Feedback for “Syncing External Tables”
We work across databases in Clickhouse and have different clickpipes for different dbs. Based on how db pull currently works it creates all the tables in the specified database in the Moose config file. It looks like there is not a way to specify the database / the db pull command should probably just use the database from the --connection-string. Or It may be helpful if there could be an additional parameter, like --db-name where this is the db you want the external tables to end up in.
Actually, the more I think about this the more I think this might be a bug? If you have an externally managed table(s) from a ClickPipe that is getting loaded into a particular database. And then you establish in your connection string the database, I think it is safe to say we would want that database added to the auto-generated code from the db pull command? Definitely up to hear a counter argument!
hey Tony,
I was looking into this and think I got it, but I am not sure, so I need confirmation that I understand it correctly.
In your setup, are you trying to manage all the Clickhouse Cloud databases with one moose? And is it 1 Cluster with multiple DBs or 1 DB / cluster with multiple clusters?
If you are trying to manage all of those under 1 Moose application, that means:
- You are running
moose pullagainst different Dbs and pulling all the tables in the same codebase - The Table object doesn't currently keep track of databases because we currently use the database field in the config for managing all the tables.
- As such, the tables are not appropriately managed in prod because we are not able to have multiple dbs at the same time?
Or
Is that you are doing 1 moose app/database but when you run moose pull and then moose dev locally then because they are externally managed they don't get provisioned?
Not sure if one of those is it or if I don't get it at all.
I am also happy to get on call to see first hand what you are facing and figure out how to help
Thank you for giving us feedback - that's awesome for us
Let me clarify and give some additional context.
I am looking at using the Moose Stack in order to build some in-app analytics for our application and I am currently in the process of building out a POC for it. We are using Clickhouse Cloud with 1 cluster that has multiple DBs. We have multiple services (1 cluster - multi-db) setup in Clickhouse Cloud, 1 for each environment (prod, stg). Further, we have a couple of clickpipes. These clickpipes basically copy over the databases we need into clickhouse. Each database has a bunch of different tables. Our analytics we are building requires combining data from tables across each of the databases and generating views, materialized views, and tables inside a separate database ( call this database analytics or something like that). Currently, this SQL lives in Clickhouse Cloud and that's not great for a number of reasons (i.e. Version Control).

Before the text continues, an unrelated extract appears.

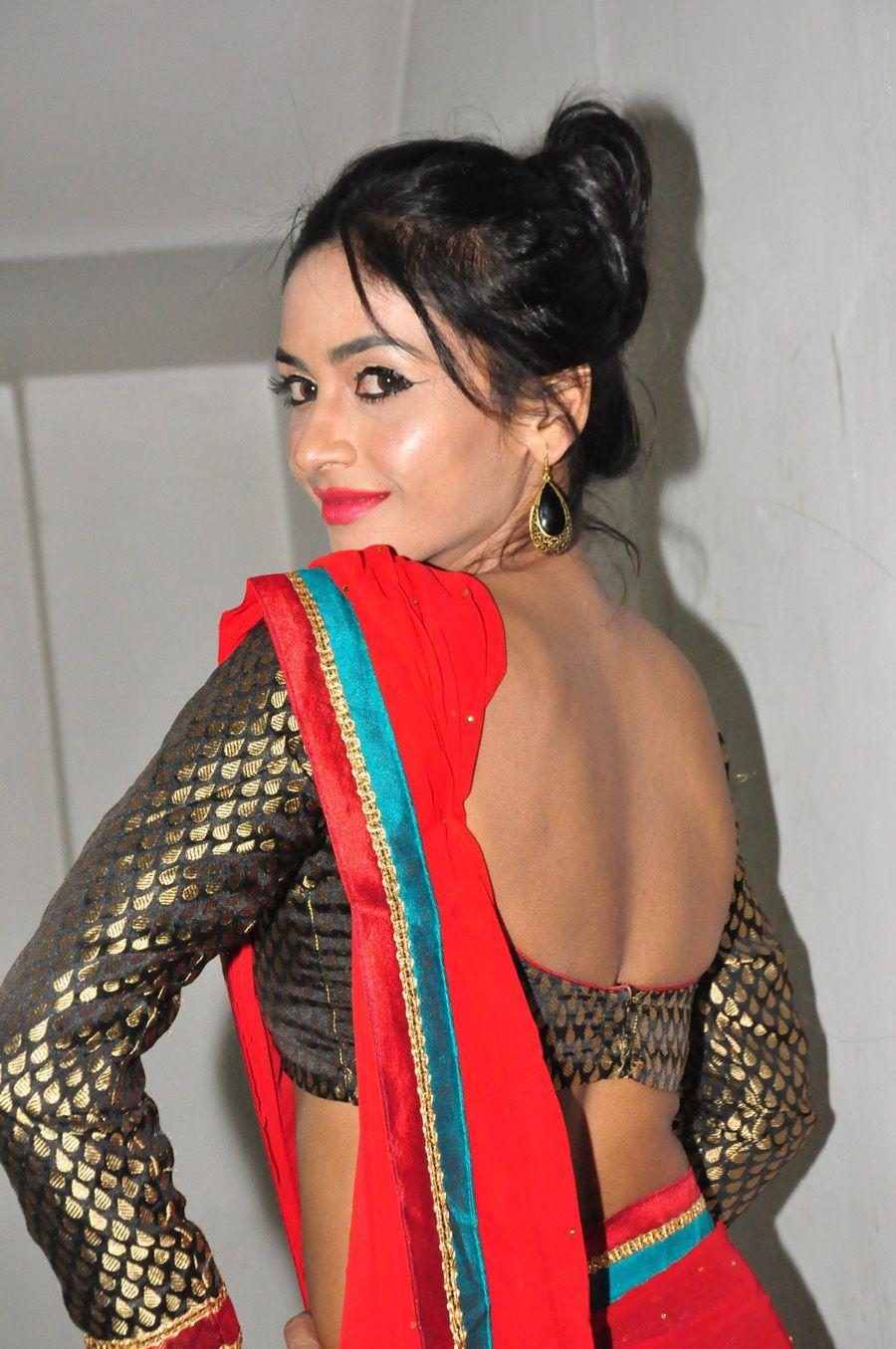 Poojasri Telugu Actress Hot Photos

I am attempting to run moose db pull and set the --file-path for each database's auto-generated schema separately. My assumption would be running moose db pull for a given database would auto-generate the file for the given database. So if my database is called foo and it has a table called bar that I am pulling, the moose app would reference that as foo.bar. However, when you look at the local clickhouse after running moose dev, foo.bar doesn't exist but in my case it is local.bar (because "local" is what is set as my database in the moose.config.toml file).
My hope would be to manage my entire clickhouse environment for all databases in one codebase. This would allow me to model tables, views, build advanced analytics, etc. It would replace the need to use tools like "dbt" or "SQLMesh" to do transformations. It would be our one stop shop. Combining TypeScript, what we use regularly, and SQL. That would be great.
Thanks!
-Tony
That's super clear now, thank you for the additional details.
Like you said, we don't currently track the database for each table; we track them in batches via the config. However, adding the database field to each table to enable that config should not be too hard.
When do you need that by, ideally?
TL;DR : I don't really have a timeline.
I am currently in POC mode and I think I might have a workaround. If you adjust the auto-generated code (even though it says not too) and add the database prefix to the table name, it will create the table in appropriate database. For example, bar table would be:
export const BarTable = new OlapTable<bar>("foo.bar", {
orderByFields: ["id"],
engine: ClickHouseEngines.ReplacingMergeTree,
ver: "XYZ",
settings: { index_granularity: "8192" },
lifeCycle: LifeCycle.EXTERNALLY_MANAGED,
});
Only issue would be in the future if I go to do another db pull I would need to make sure I adjust these prefixes again.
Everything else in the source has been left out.